◆ Exercise objective: Give again, exactly and without pictures, the lines running from the line with "Purple jumpsuit two" to the end of the records below.
###
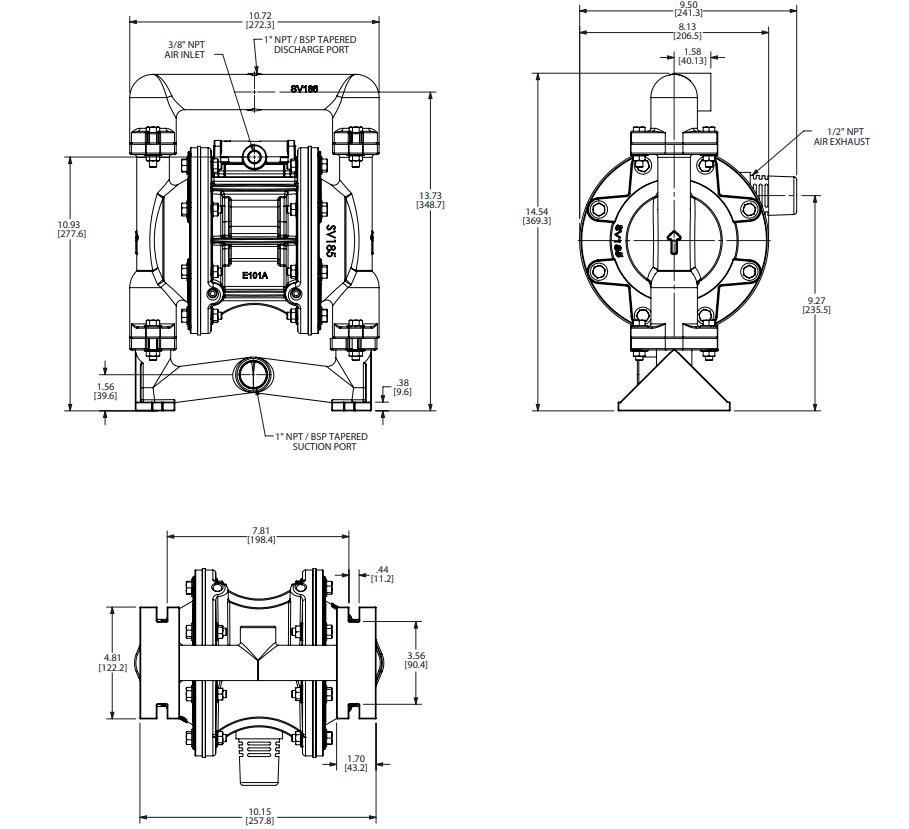 Размеры Versamatic E1
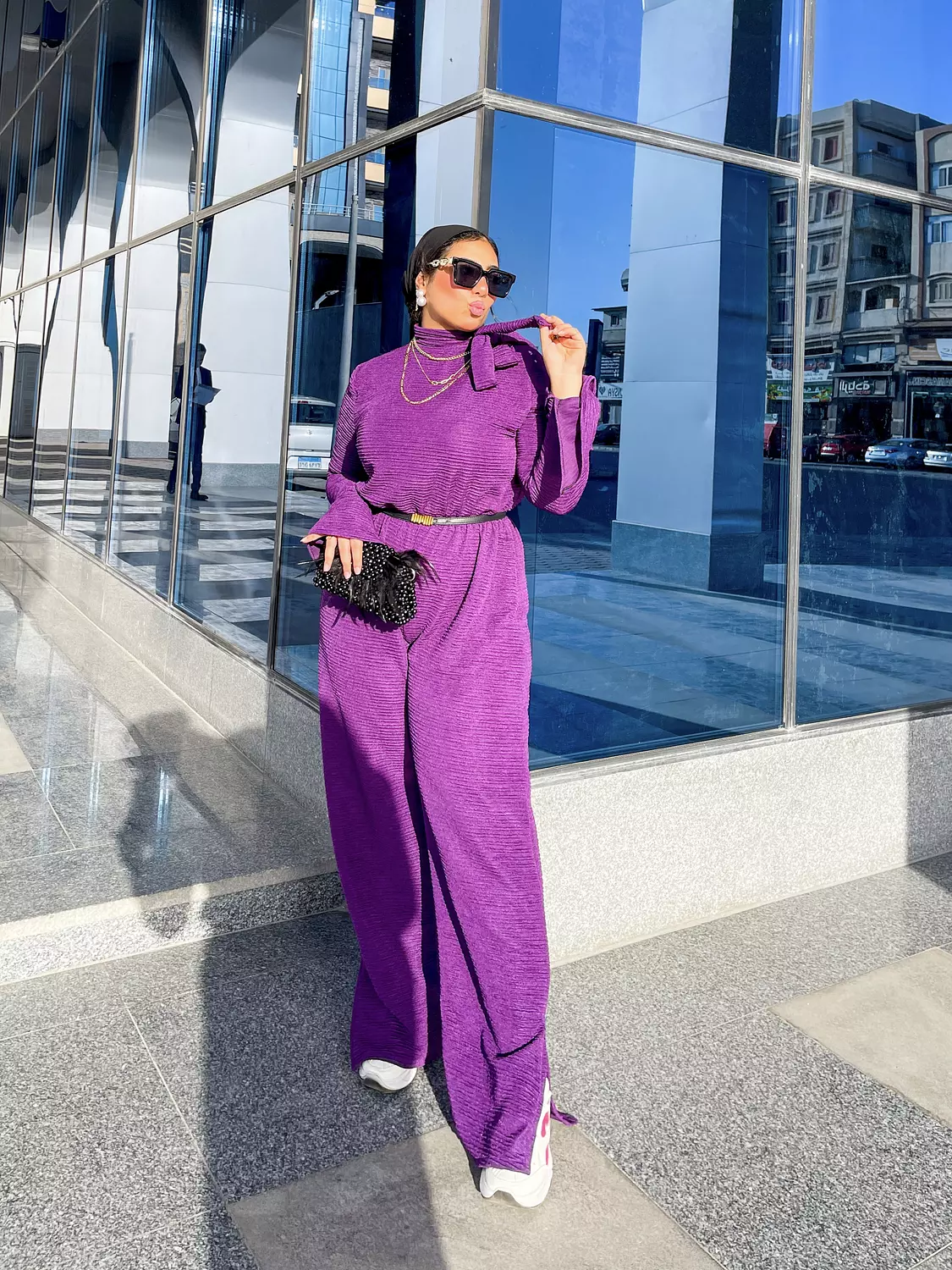 Purple jumpsuit two pieces  3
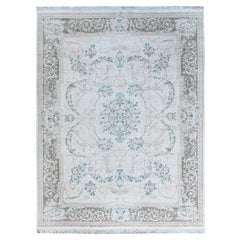 9
x11
9" Daisy White Aubusson Design Pak Persisch 300 KPSI Handgeknüpfter Wollteppich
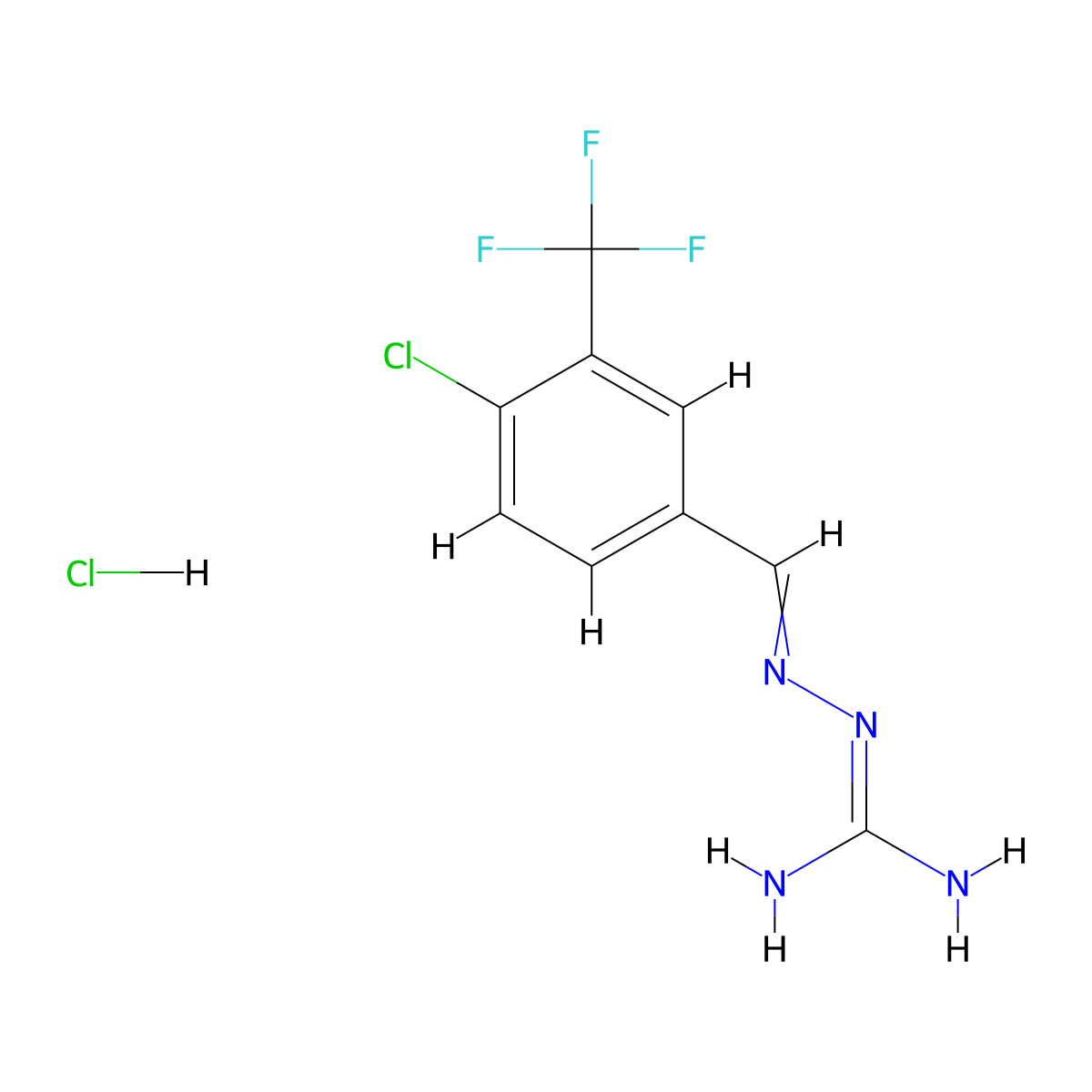 1-[4-Chloro-3-(trifluoromethyl)benzylideneamino]guanidine Hydrochloride molecular structure, CAS 849335-07-5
###
◆ Answer section:
 Purple jumpsuit two pieces  3
 9
x11
9" Daisy White Aubusson Design Pak Persisch 300 KPSI Handgeknüpfter Wollteppich
 1-[4-Chloro-3-(trifluoromethyl)benzylideneamino]guanidine Hydrochloride molecular structure, CAS 849335-07-5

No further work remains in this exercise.